The last 5 days have felt like dancing on the edge of a pothole.
There is a really great poem called Autobiography in Five Chapters in which life is described in 5 beautifully short chapters of the process of learning to make changes. From falling into a pothole, learning to get out, learning to avoid the pothole and then, finally, learning to take a different route.
I love this poem because so often depression feels like falling into a pothole for me. Last week, the pothole opened in front of me and I have been dancing on the edge of it ever since. I keep trying to figure out what causes the pothole to appear. I know that depression and loneliness are doing their own little dance around the edge, intertwined in their downward spiral that often takes me with it.
I try to pull them apart, to separate their co-dependence. To convince my heart that the depression will pass no matter how much it hurts right now and that loneliness is not proof that I am unworthy of being loved.
And then I try and do my own dance of healing. Staying away from numbing comforts that sideline me in my own life (hello internet!), reaching out for support, writing about it, getting out for a walk, eating well. Trying to be gentle on myself and reminding myself that I am not a failure as I do each of these things imperfectly.

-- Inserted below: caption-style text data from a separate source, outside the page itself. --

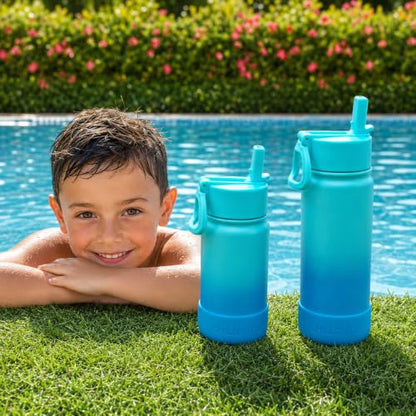CHILLOUT LIFE 12oz Kids Insulated Stainless Steel Water Bottle with Leak Proof Straw Lid & 144 Stickers - color: Ocean Blue, style: 12 oz
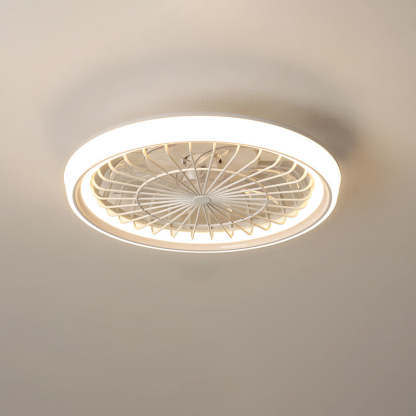 Modern Iron Acrylic Round LED Semi-Flush Fan Light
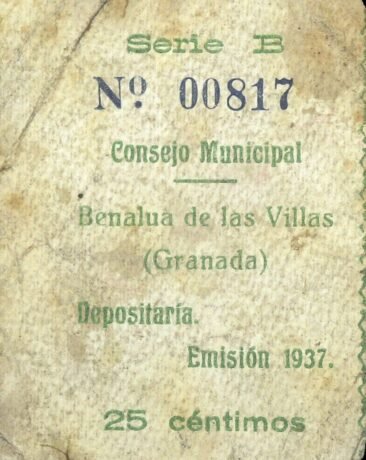 Аверс банкноты 25 centymów Benalua de las Villas (Hiszpania) 1937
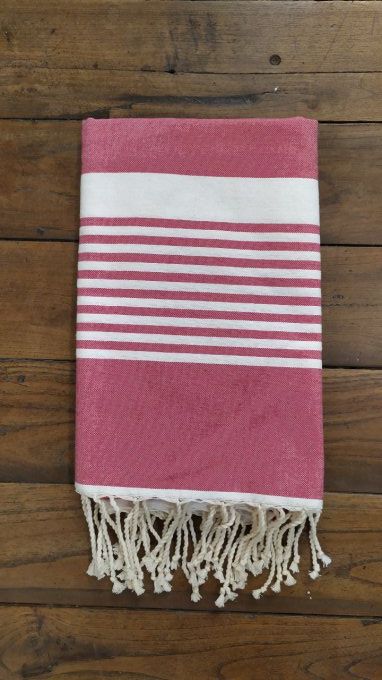 Fouta Arthur Fuschia/white multi stripe flat weaving 2x1m   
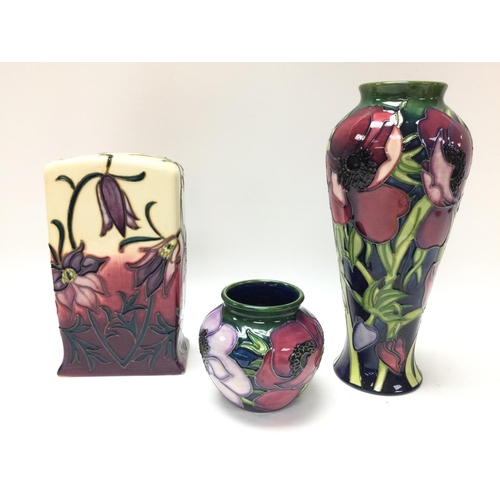 1166 - Moorcroft vases and a clock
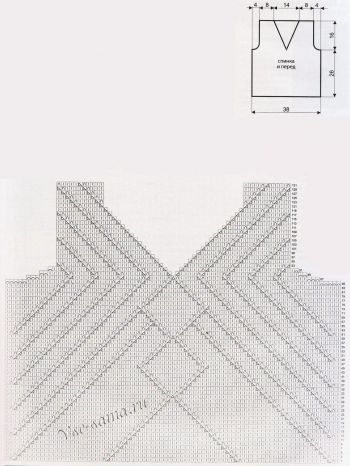 Выкройка и схема для вязания белого топа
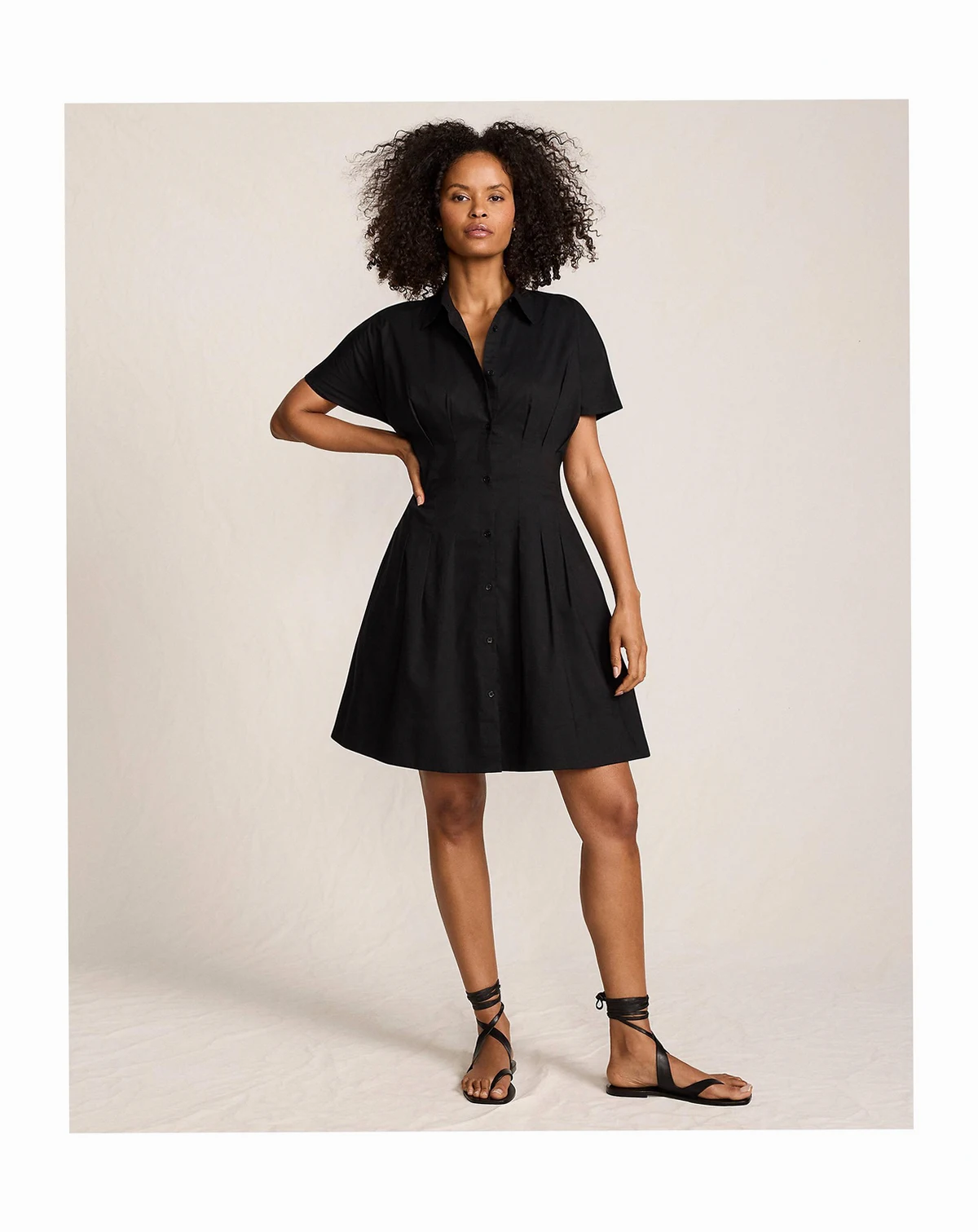 Women's Cambric Above the Knee Shirt Dress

Trying to take the word “just” and “should” out of my vocabulary. Cracked.com had a great article recently on the 5 most useless pieces of advice ever given. Number 5 was adding the word “just” to your advice. You know, “you just need to snap out of it” or “you just need to eat less and get more exercise”. If it was that simple, trust me, I would have done it by now!
I know that this will pass. And, that like a dance, it is complicated and dynamic and changing. It is a chance to understand myself better. A chance to figure out how to adjust my sails in the wind.
As I dance around the edge of the pothole, I know that this time I didn’t fall into its depths. And, if I do, I know I can get out.
Maybe someday, I will know how to walk down a different street.
Thanks for posting this. For me depression is a deep rut, worn smooth from me travelling down the same path over and over. Sometimes I sink into it so slowly I plod along for quite a ways before I realize that the colours have faded and I am in shadow. Other times something trips me and I fall in quite abruptly. And always I wonder, “how did I end up here again?”. Not that it is all bad down there; it is quiet and it can be peaceful to lie down, take a few deep breaths and just watch the clouds in the sky for awhile as you muster the energy to climb back out again. And if you reach out, a warm hand will always be there to help draw you back into the light.
Thanks for your comments. The rut is a great analogy. It has that sense of familiarity that is so easy to fall back into. And, when you’re in a rut, sometimes you have to take a run at it to get over the hump and back out, again!!